Lerone Bennett, Prominent Ebony Journalist and Author, Passes
African American historian and King Papers Project advisory board member Lerone Bennett, Jr. died this past weekend after struggling with vascular dementia. He was 89 years old.
The author of Before the Mayflower: A History of Black America and The Shaping of Black America, Bennett enjoyed a long career as a writer, spanning nearly half a century at Ebony magazine.
Bennett’s career in journalism began early with his work at Lanier High School newspaper in Jackson, Mississippi. Later, Bennett worked for the Morehouse College newspaper. Here he would meet Martin Luther King, Jr., whose life he would later chronicle in What Manner of Man, a Biography of Martin Luther King, Jr., (1964).
After stints at the Atlanta Daily World and Jet magazine, Bennett was an early and instrumental figure in developing the voice for Ebony magazine.
At the magazine, Bennett took on a key role communicating the progress of African Americans amid the Civil Rights Movement. Remembering his piece on the March on Washington, Bennett said, “‘The hustler from Harlem, the intellectual from Harlem, the money man from Chicago, for one moment in time, for one moment in time, they were one,’ that was an attempt to capture that, the joy of a great triumph.”

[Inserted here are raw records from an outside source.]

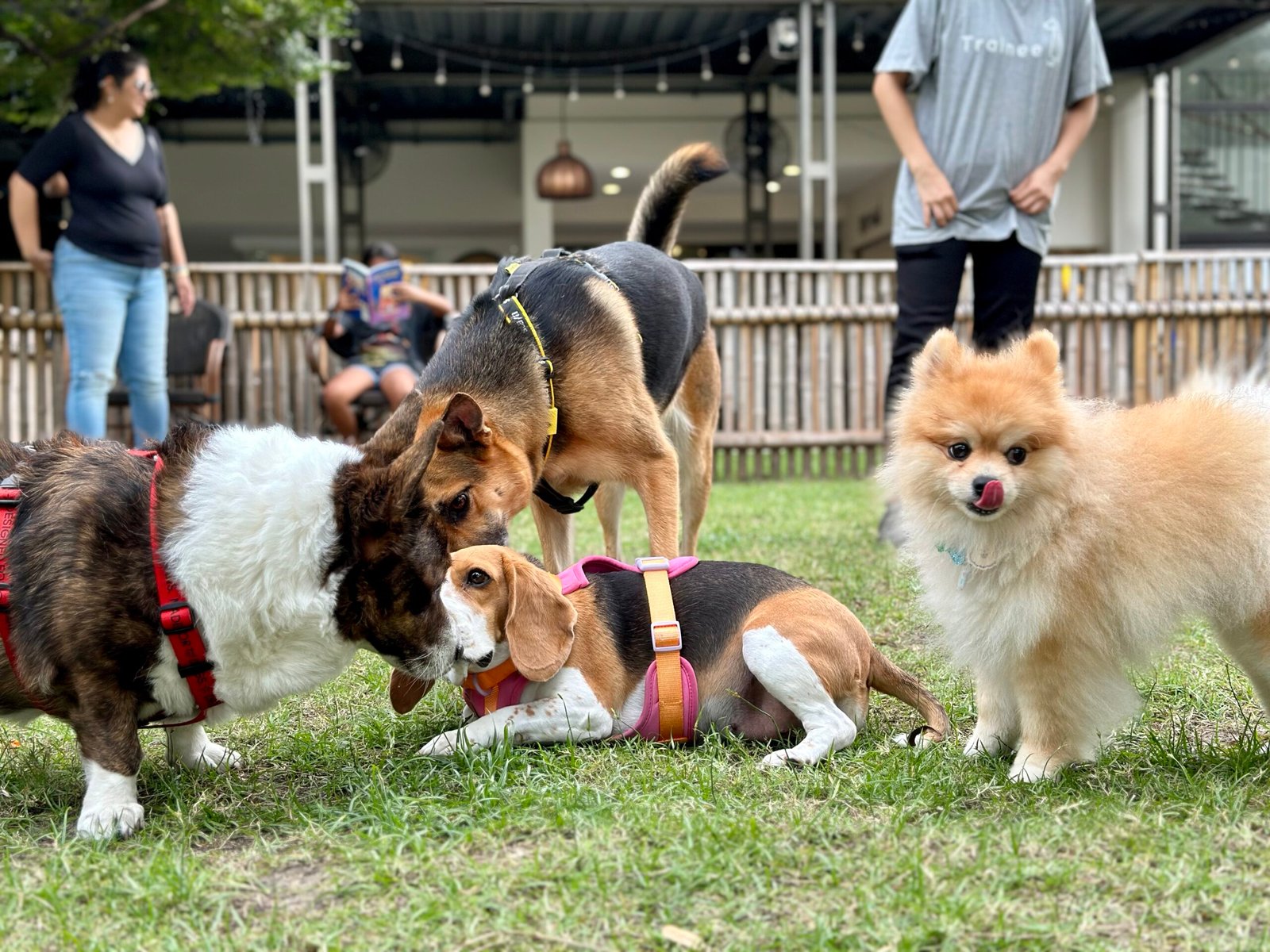 Encouraging Socialization and New Experiences (image credits: wikimedia)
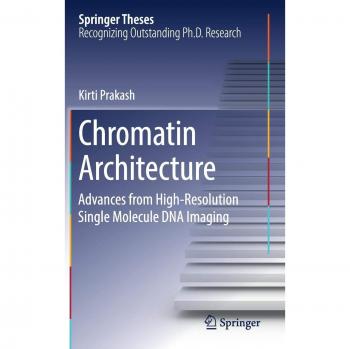 Chromatin Architecture: Advances From High-resolution Single Molecule DNA Imaging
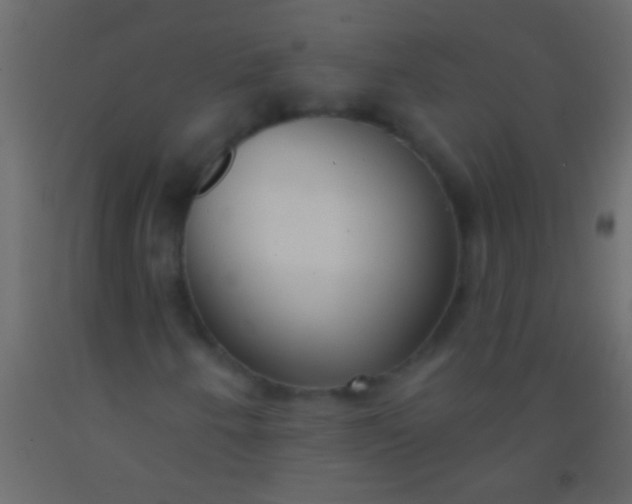 X0000093091250200710101510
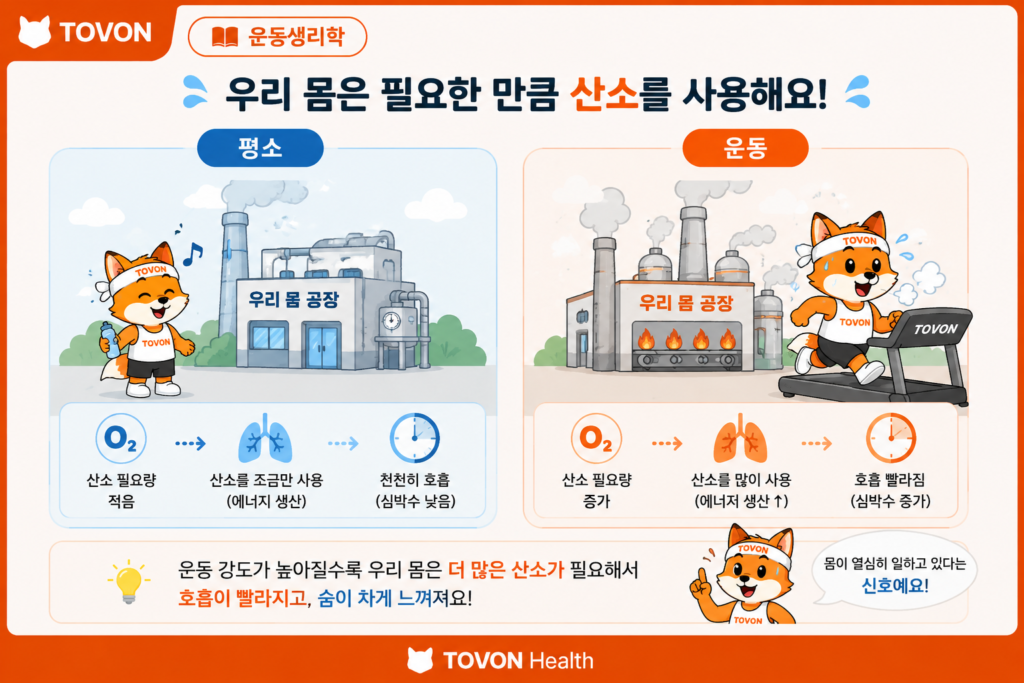 운동 강도가 증가하면서 산소 요구량과 호흡이 증가하는 과정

Bennett’s distinction as a journalist lead to opportunities in intellectual leadership. Faced with student demands to advance its African American History program, Northwestern University brought the acclaimed Ebony writer on as a visiting professor. His influence and legacy as a writer and scholar are further attested by his tenure on President Clinton’s Committee on the Arts and Humanities, his advisee role with the National Museum of African American History and Culture, and his recognition as a “foot soldier” for the civil rights movement at Atlanta’s International Civil Rights Walk of Fame.
His wife Gloria passed in 2009. He is survived by three children.